Aryaka is offering reimbursement to buyers of Riverbed Steelhead appliances who switch to the former company's service, per a Tweet posted on Tuesday. The company explains that it will pay "100% of the remaining value of all Riverbed Steelhead appliances."

[MORE CLOUD: Amazon slashes prices up to 80% to lure public-cloud wary enterprises]

Aryaka CEO Ajit Gupta said in a statement that the move should help free up new customers.

"We designed the Riverbed Steelhead 100 Percent Buy Back Program to help companies remove the constraints imposed by on-premise solutions vendors now rather than wait for refresh cycles on equipment months or years down the road," he said.

Riverbed had no comment for this story as of the time of publication.
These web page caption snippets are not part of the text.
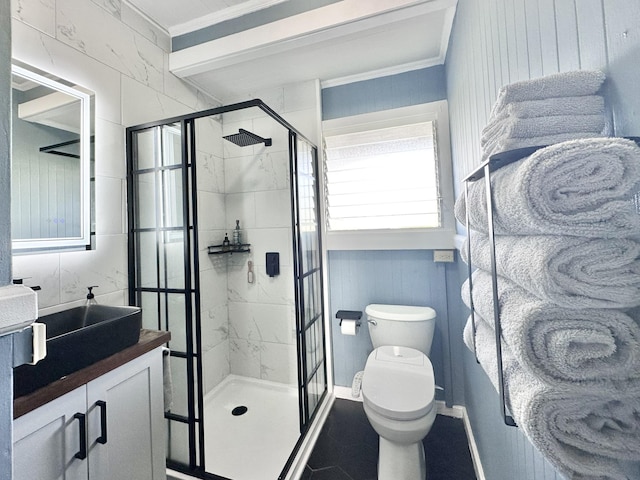 bathroom featuring toilet, a stall shower, vanity, and ornamental molding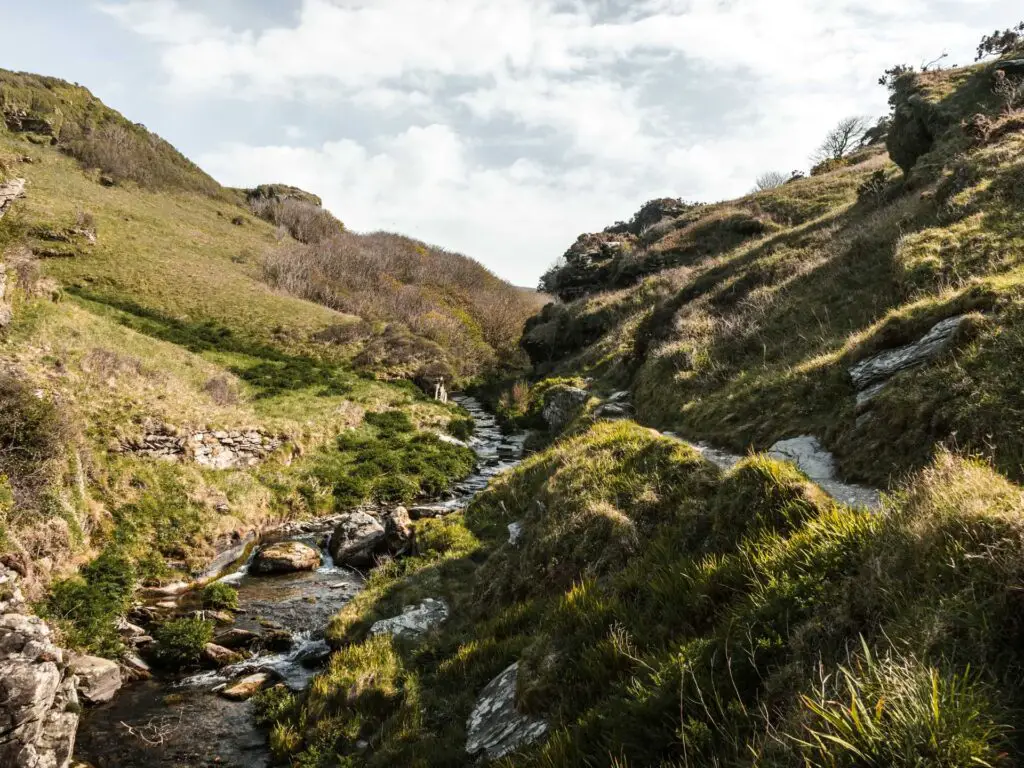 A stream running though the valley and a trail on the right side. The valley is enclosed by grass covered rugged hills.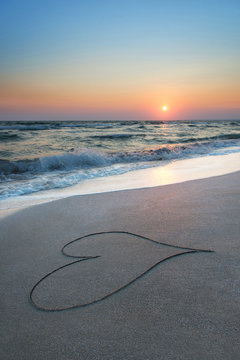 heart outline on beach sand against sea and sunset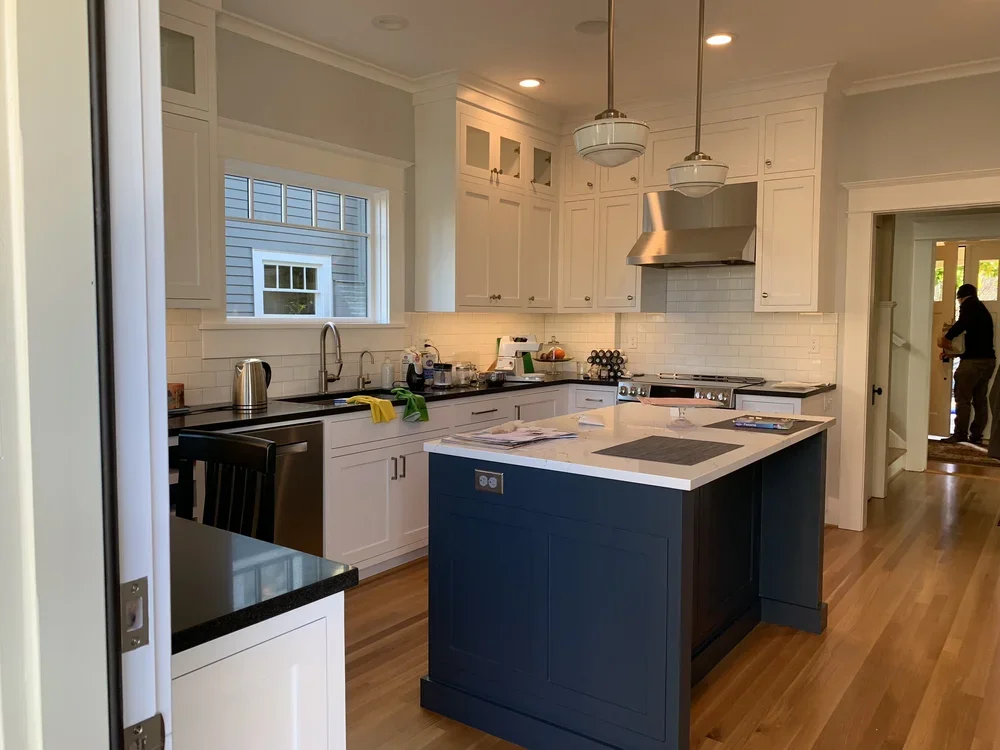 A modern kitchen with white cabinets, a navy blue island, a black countertop, stainless steel appliances, and hardwood floors. There are two pendant lights above the island, and a window above the sink.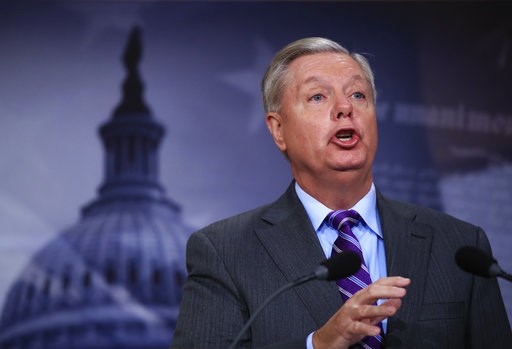 (AP Photo/Manuel Balce Ceneta). FILE - In this Nov. 1, 2017 file photo, Sen. Lindsey Graham, R-S.C., speaks on Capitol Hill in Washington. Graham’s shift from Never Trump to Team Trump has confused colleagues and caused double-takes across Washington. (AP Photo/Manuel Balce Ceneta). FILE - In this Nov. 1, 2017 file photo, Sen. Lindsey Graham, R-S.C., speaks on Capitol Hill in Washington. Graham’s shift from Never Trump to Team Trump has confused colleagues and caused double-takes across Washington.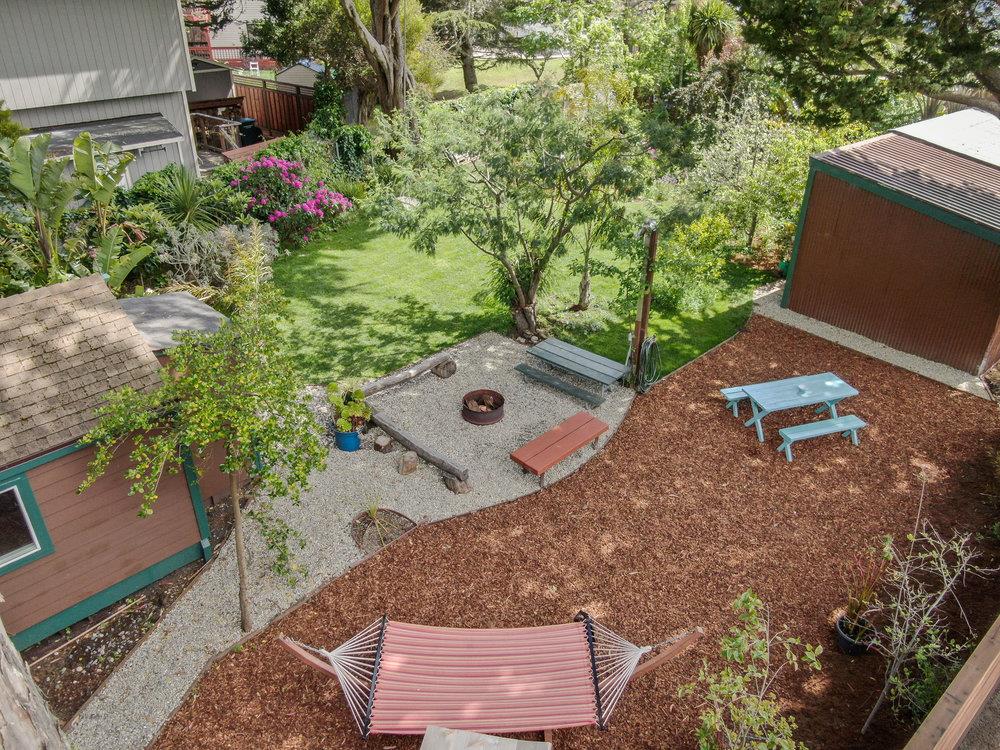 1067 Rio Vista Drive Pacifica, CA 94044 - Photo 27 of 43 an aerial view of a house with a yard and garden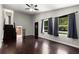 Bright living room with dark hardwood floors, large windows, and staircase leading to the second floor at 1741 Branch View Dr, Marietta, GA 30062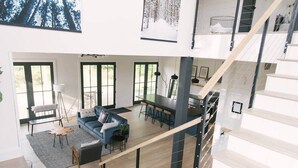 A spacious living area with a sofa, dining table, and staircase. - Sister Bay Eclectic Cottage (Sister Bay)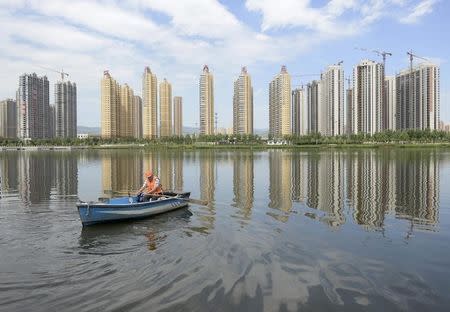 A man rows a boat on a river in front of new properties in Taiyuan, Shanxi province, July 24, 2014. REUTERS/Stringer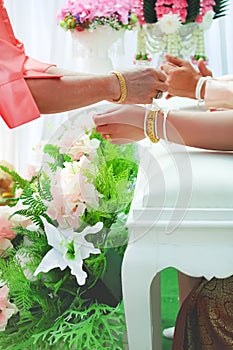 Lanna thread tightening or Thai style wedding tie ceremony , the bride`s hands are tied with white thread from elderly woman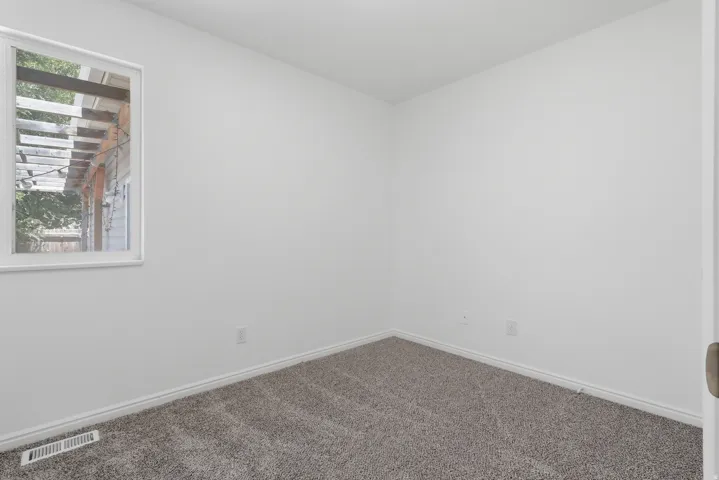Room featuring neutral wall paint, gray carpeting, white trim, and a window providing natural light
A "competitive document" written for a client by Riverbed recently wound up in the hands of Aryaka, provoking a heated exchange of blog posts and public statements.

The comparative analysis of the companies' offerings unsurprisingly casts Riverbed's technology as more mature and robust than Aryaka's, painting the smaller company's infrastructure as rudimentary and its feature set as spotty. Specifically, Riverbed claims that Aryaka's 25 points-of-presence simply aren't enough to guarantee easy direct access for all potential customers, and that it lacks last-mile optimization capability.

Aryaka's response, published late last month, was headlined with an Abraham Lincoln quote that includes the word "slander."

"My first thought was: why would a successful public company like Riverbed with a billion dollars in revenue write and share a document like this?" wrote marketing and sales vice president Sonal Puri. "Then it struck me! We are perhaps the biggest threat to them in their 10+ years of existence."

Aryaka attacked much of Riverbed's criticism as FUD, characterizing several specific points as either inaccurate or irrelevant. Puri's article, however, also slammed the larger competitor for being generally out of touch and pointed to Riverbed's declining earnings figures as evidence that the company is behind the times.

Riverbed's Steve Riley returned fire, saying that, actually, Aryaka's description of his company's services amounted to FUD, and jeering the idea that Riverbed is at all worried about being supplanted by Aryaka.

"Yes, every day of every week of every year, we huddle in our dreary, frozen offices, perpetually glancing around dark and spooky corners. Every little bump gives us the heebie jeebies! Every frothy blahg post makes us cower in a torpid stupor! Or a stupid torpor! Or something! Ah, we are ascared, you guyz," wrote Riley, tongue firmly in cheek.